Linking Cycling and Public Transit – 2014 Survey Results

Thursday, March 19, 2015

In the summer of 2014, over 100 cycle-transit users in select Greater Toronto Area (GTA) communities were invited to complete an online survey.

The Bike to Transit 2014 Program, aimed at reducing local gridlock in the GTA by promoting a different way to commute to work, encouraged residents living within a three-kilometre radius of Pickering, Burlington and Toronto, to cycle to local light rail and subway stations across the GTA.

Key findings revealed:

  • The number of people cycling to GTA transit stations has almost doubled each year, over the past three years. With 46% reporting 2014 as their 1st year77% starting biking to transit in their 1st to 5th year.
  • 70% of cyclists surveyed bike 1 to 3 kilometres to get to and from transit. 91% bike 5 kilometres or less.
  • 62% listed saving money as the reason they bike to transit.  59% also said it’s very convenient. 56% answered one reason they do it is to save time.
  • 23% want safer, sheltered bike parking to thwart bike thefts. 7% think security cameras are needed.
  • 15% of respondents believe incentives, like transit fare or pass discounts, would encourage new cycle-transit users.
  • 57% surveyed listed improved driving by motorists around cyclists on their way to the station would help grow the number of local Cycle-Transit Users.
  • 49% of respondents want more bike lanes to train and subway stations.
  • 42% of cycle-transit users walk to transit when they’re not riding their bike. 42% go by transit. 37% use their car/truck, and only 11% carpool.

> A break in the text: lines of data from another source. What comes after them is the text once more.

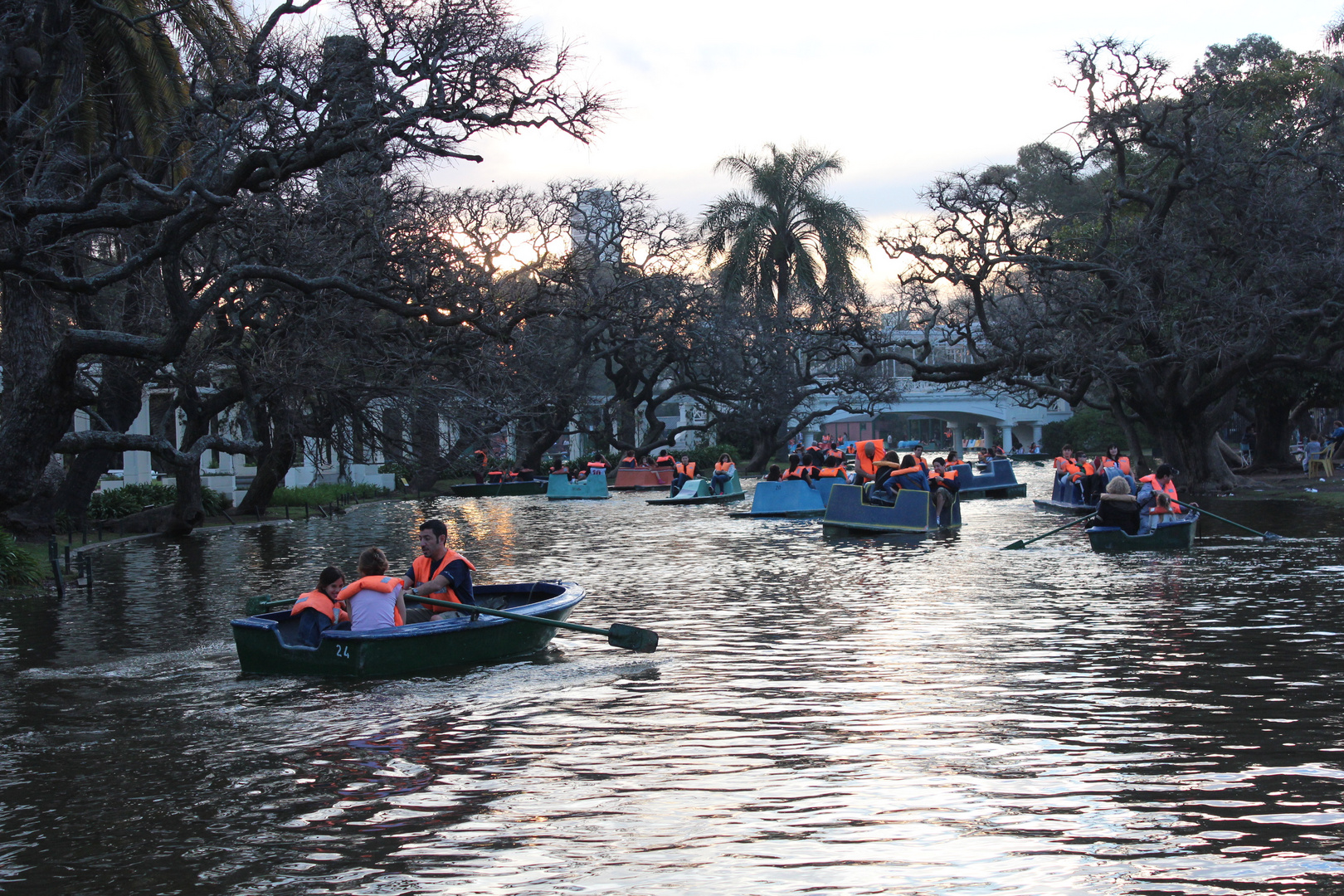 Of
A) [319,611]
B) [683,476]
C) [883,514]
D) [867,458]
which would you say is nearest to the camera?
[319,611]

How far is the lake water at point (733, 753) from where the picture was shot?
239 inches

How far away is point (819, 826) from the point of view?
6.57 m

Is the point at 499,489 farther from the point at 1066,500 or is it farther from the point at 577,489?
the point at 1066,500

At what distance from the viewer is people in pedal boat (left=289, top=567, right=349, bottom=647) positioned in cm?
1098

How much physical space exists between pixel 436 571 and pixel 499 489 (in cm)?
3568

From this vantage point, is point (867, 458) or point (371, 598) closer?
point (371, 598)

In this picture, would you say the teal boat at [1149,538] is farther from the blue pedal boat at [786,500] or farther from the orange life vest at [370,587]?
the orange life vest at [370,587]

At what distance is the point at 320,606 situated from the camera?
11023 millimetres

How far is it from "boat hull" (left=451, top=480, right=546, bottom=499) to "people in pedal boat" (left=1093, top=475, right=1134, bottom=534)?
29741mm

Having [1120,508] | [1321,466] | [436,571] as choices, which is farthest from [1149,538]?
[1321,466]

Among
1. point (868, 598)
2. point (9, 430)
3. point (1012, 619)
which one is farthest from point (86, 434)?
point (1012, 619)

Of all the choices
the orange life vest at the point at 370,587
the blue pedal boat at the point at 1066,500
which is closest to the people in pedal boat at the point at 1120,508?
the blue pedal boat at the point at 1066,500

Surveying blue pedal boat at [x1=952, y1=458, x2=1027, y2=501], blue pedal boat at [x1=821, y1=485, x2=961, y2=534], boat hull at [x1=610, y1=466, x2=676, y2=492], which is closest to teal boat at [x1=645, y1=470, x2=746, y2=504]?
blue pedal boat at [x1=952, y1=458, x2=1027, y2=501]

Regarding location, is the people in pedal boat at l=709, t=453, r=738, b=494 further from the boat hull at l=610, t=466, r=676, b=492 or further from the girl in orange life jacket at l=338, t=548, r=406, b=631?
the girl in orange life jacket at l=338, t=548, r=406, b=631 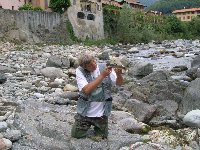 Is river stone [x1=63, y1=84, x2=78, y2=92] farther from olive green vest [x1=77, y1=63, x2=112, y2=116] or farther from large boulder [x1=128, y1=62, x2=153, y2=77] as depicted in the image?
large boulder [x1=128, y1=62, x2=153, y2=77]

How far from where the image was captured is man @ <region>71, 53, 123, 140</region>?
23.0 ft

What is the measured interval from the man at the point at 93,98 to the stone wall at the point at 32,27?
28.8 m

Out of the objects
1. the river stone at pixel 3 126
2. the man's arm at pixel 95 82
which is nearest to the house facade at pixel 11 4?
the river stone at pixel 3 126

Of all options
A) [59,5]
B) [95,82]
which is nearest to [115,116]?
[95,82]

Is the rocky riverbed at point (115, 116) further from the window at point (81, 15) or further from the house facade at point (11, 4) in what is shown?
the window at point (81, 15)

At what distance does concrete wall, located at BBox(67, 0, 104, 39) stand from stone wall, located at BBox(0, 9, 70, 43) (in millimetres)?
2741

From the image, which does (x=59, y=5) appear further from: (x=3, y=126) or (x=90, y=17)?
(x=3, y=126)

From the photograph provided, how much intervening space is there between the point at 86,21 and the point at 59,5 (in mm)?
6402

Bicycles accommodated on rush-hour trains is the ultimate ‘want’ of survey respondents, with 11% listing bike train cars (designated bike spaces on trains and subways, or one bikes-only train car) as a viable answer to helping stem the GTA’s growing gridlock problems.

Background

In 2008, Metrolinx launched a $5 million initiative under The Big Move project, a regional transportation plan aimed at enhancing prosperity, sustainability and quality of life. Metrolinx, an agency of the Government of Ontario, was created to improve the coordination and integration of all modes of transportation in the Greater Toronto and Hamilton Area (GTHA).

From 2008-2012, the BikeLinx Program helped residents in the GTHA and surrounding communities to combine cycling with transit. Through this program, Metrolinx provided funding to GTHA municipalities to equip every bus in their transit fleets with an external bicycle rack and to install permanent, secure and sheltered bicycle parking facilities at major transit stops.

In the GTHA, it is estimated that 17 per cent of all trips are walkable (less than two kilometres in length) and 40 per cent are bikeable (less than five kilometres in length); however, walking and cycling currently account for just five per cent of all work trips and 32 per cent of all school trips in the region.